:: EXERCISE BRIEF ::
When copying the data below, keep only the lines from the one with "Riad Dar Barae Fès Exteriör bild" through the one with "Game Day Tennis", word for word, and skip the pictures.

'''

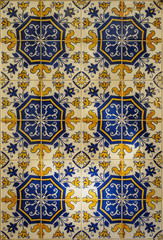 Portugal, Lisbon, Old Town, Traditional Portuguese Tiles Azulejos.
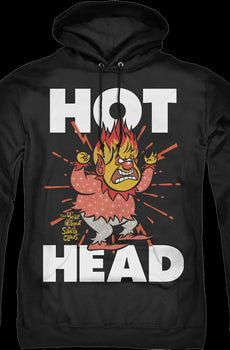 Heat Miser Hot Head The Year Without A Santa Claus Hoodie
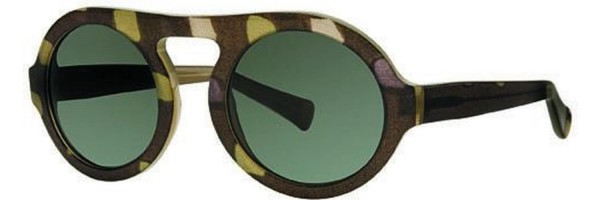 Vera Wang MARTINE Eyeglasses, Olive Mosaic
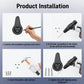 Black EV charger wall mount holster installed with mounting screws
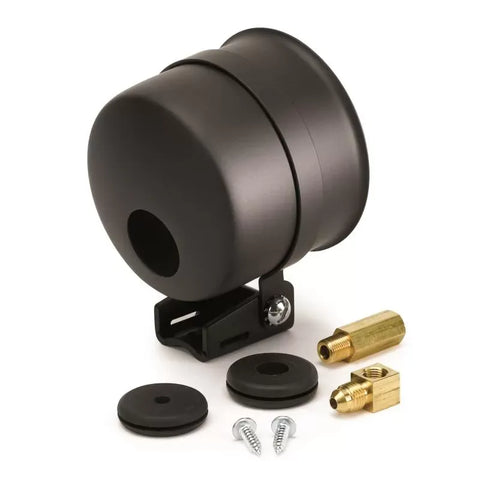 Autometer 3-3/8" Pedestal W/ Black Cup 3 3/8" Gauge Mount | Universal (5204)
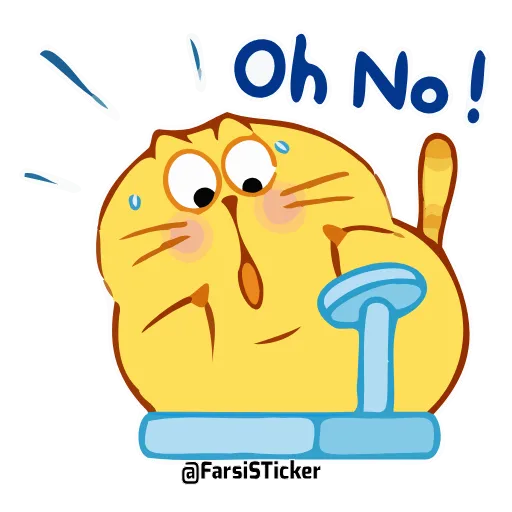 🙀 Стикер «ecat farsisticker» для Telegram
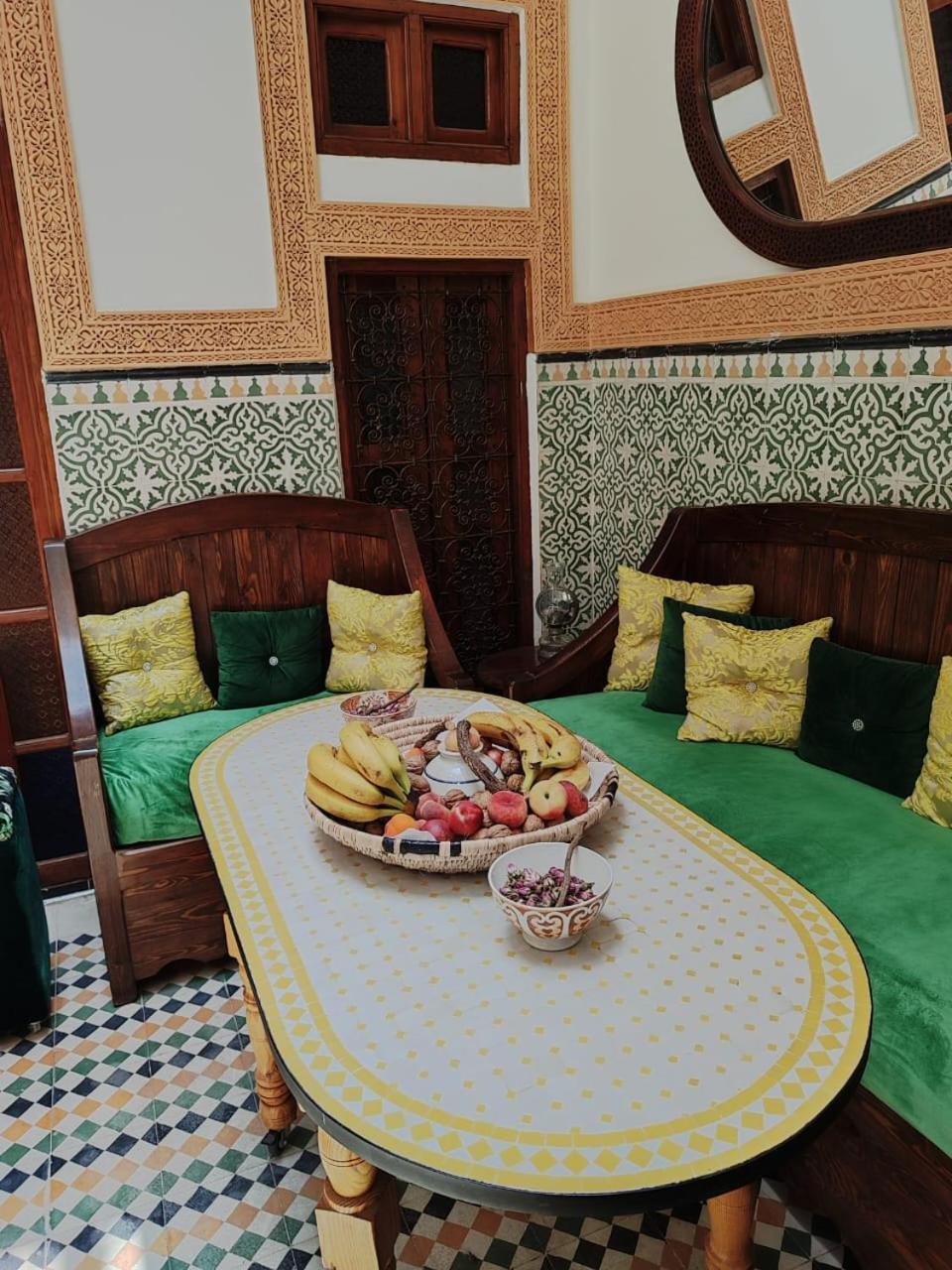 Riad Dar Barae Fès Exteriör bild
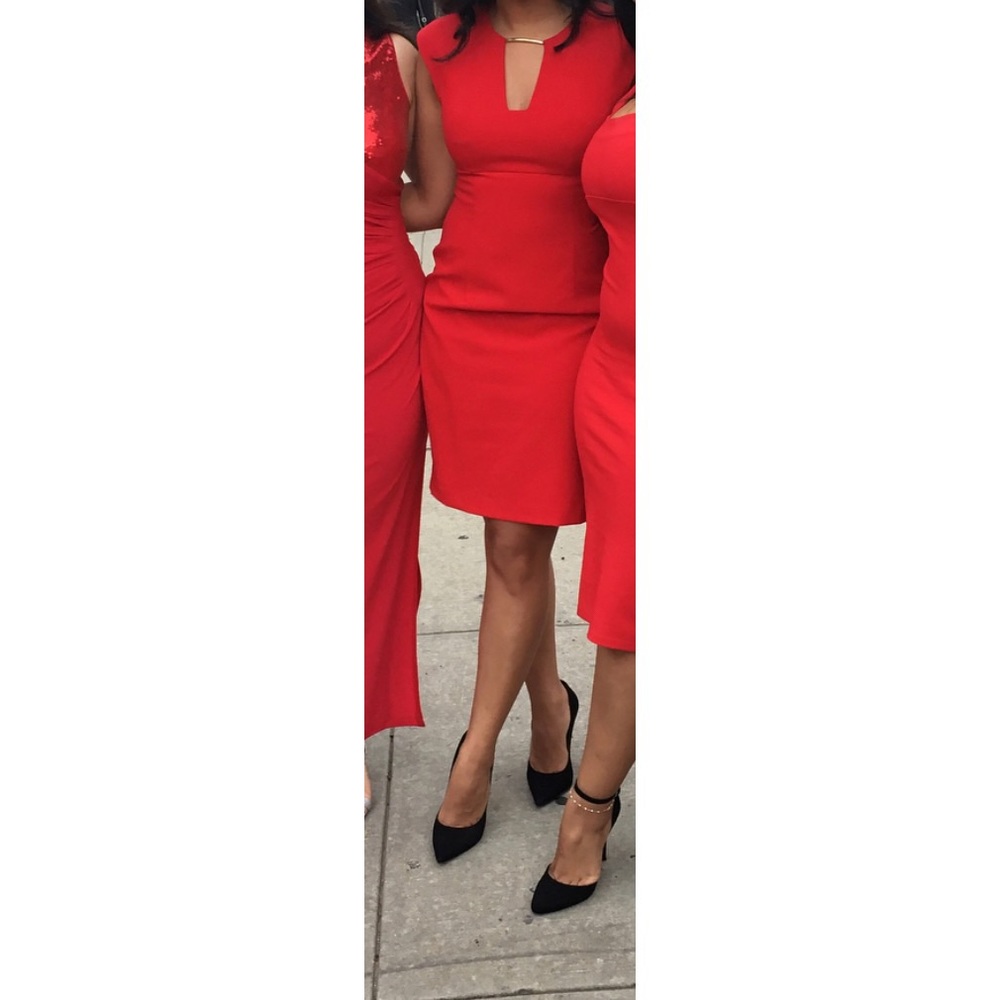 Red Calvin Klein Dress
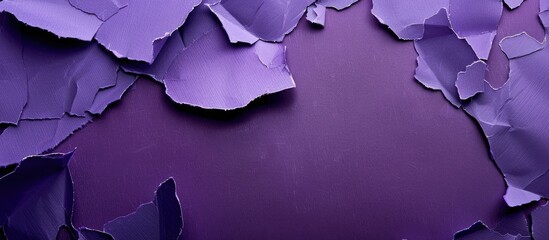Aufkleber - Purple torn pieces of paper with copy space image against a dark backdrop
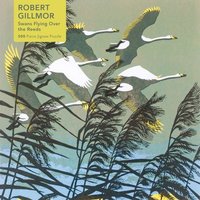 Adult Jigsaw Puzzle Robert Gillmor: Swans Flying Over the Reeds (500 Pieces) von Flame Tree Publishing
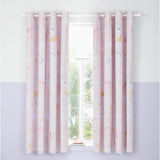 Catherine Lansfield Fairytale Unicorn Kids Eyelet Curtains Polycotton - Fairytale Unicorn Curtains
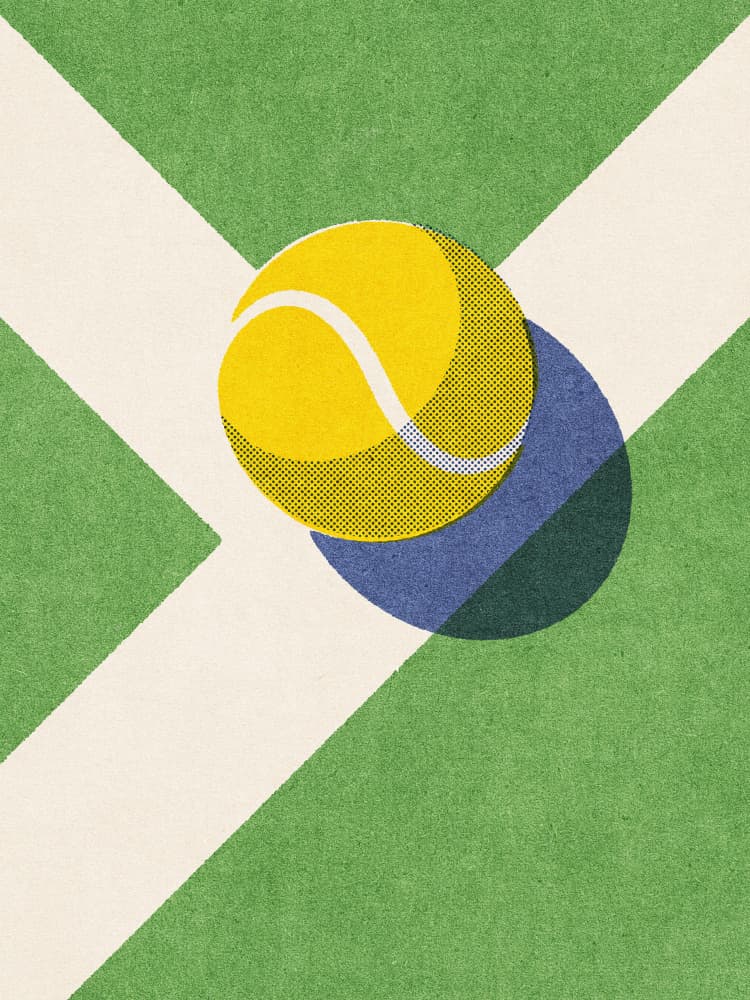 Game Day Tennis Ball by Daniel Coulmann — canvas wall art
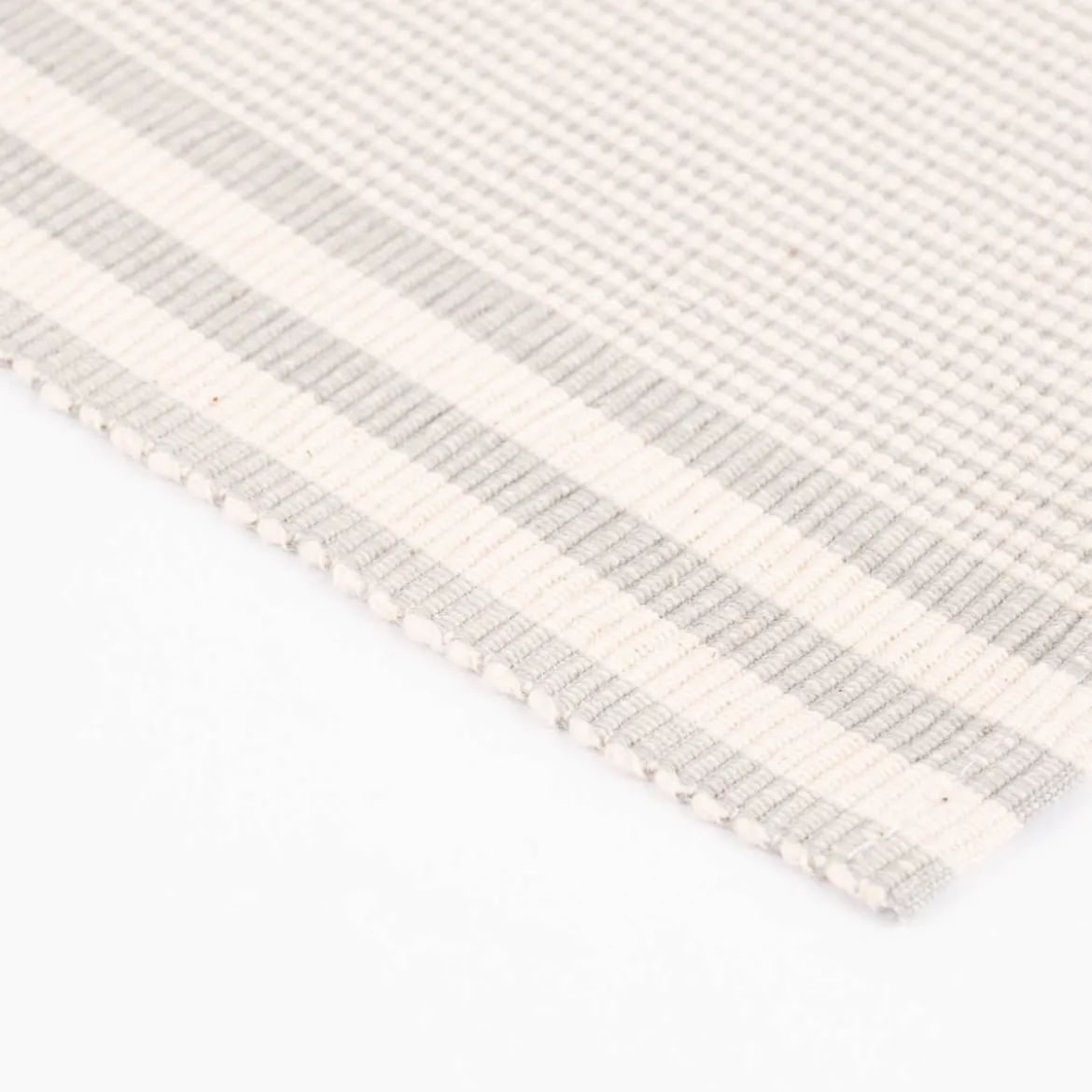 Linen & More Platzsets und Servietten Suzy Streifen 8er Set hellgrau creme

'''

:: WRITTEN SOLUTION ::
 Riad Dar Barae Fès Exteriör bild
 Red Calvin Klein Dress
Aufkleber - Purple torn pieces of paper with copy space image against a dark backdrop
 Adult Jigsaw Puzzle Robert Gillmor: Swans Flying Over the Reeds (500 Pieces) von Flame Tree Publishing
 Catherine Lansfield Fairytale Unicorn Kids Eyelet Curtains Polycotton - Fairytale Unicorn Curtains
 Game Day Tennis Ball by Daniel Coulmann — canvas wall art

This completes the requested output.